Work required:
Emit a verbatim copy of the lines below from the line with "Một Bet88.Com Link" through the line with "A house with", excluding pictures and everything outside that range.

Data shown:
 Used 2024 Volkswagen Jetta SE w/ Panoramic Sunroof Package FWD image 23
--
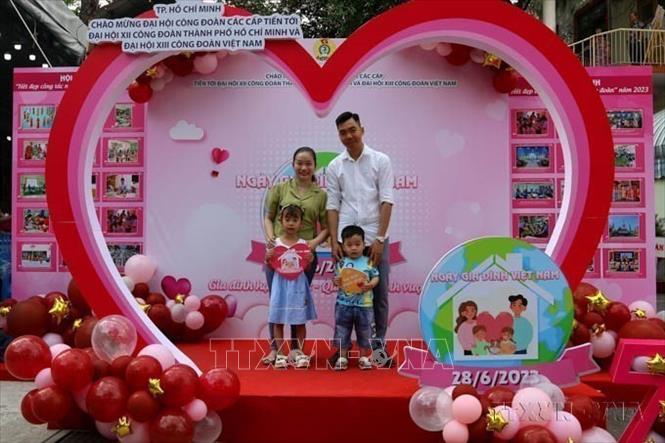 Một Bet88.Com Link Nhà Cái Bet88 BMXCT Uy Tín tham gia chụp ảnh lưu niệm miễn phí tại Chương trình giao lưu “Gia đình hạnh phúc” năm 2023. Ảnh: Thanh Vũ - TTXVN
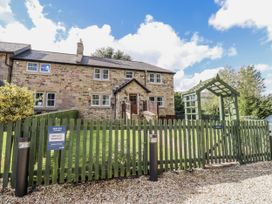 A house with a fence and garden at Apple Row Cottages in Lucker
---
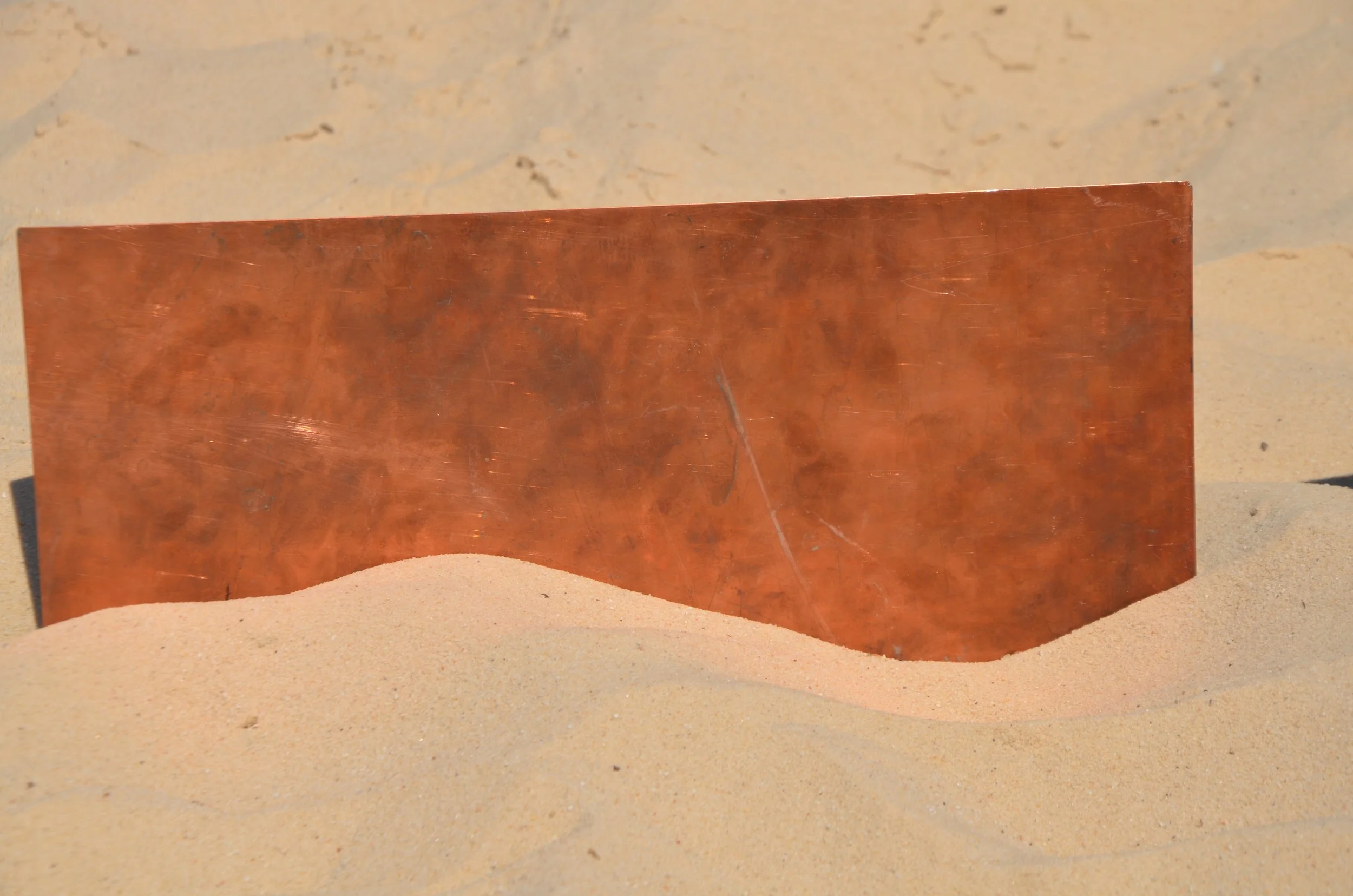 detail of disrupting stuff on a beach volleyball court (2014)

Written solution:
 Một Bet88.Com Link Nhà Cái Bet88 BMXCT Uy Tín tham gia chụp ảnh lưu niệm miễn phí tại Chương trình giao lưu “Gia đình hạnh phúc” năm 2023. Ảnh: Thanh Vũ - TTXVN
 A house with a fence and garden at Apple Row Cottages in Lucker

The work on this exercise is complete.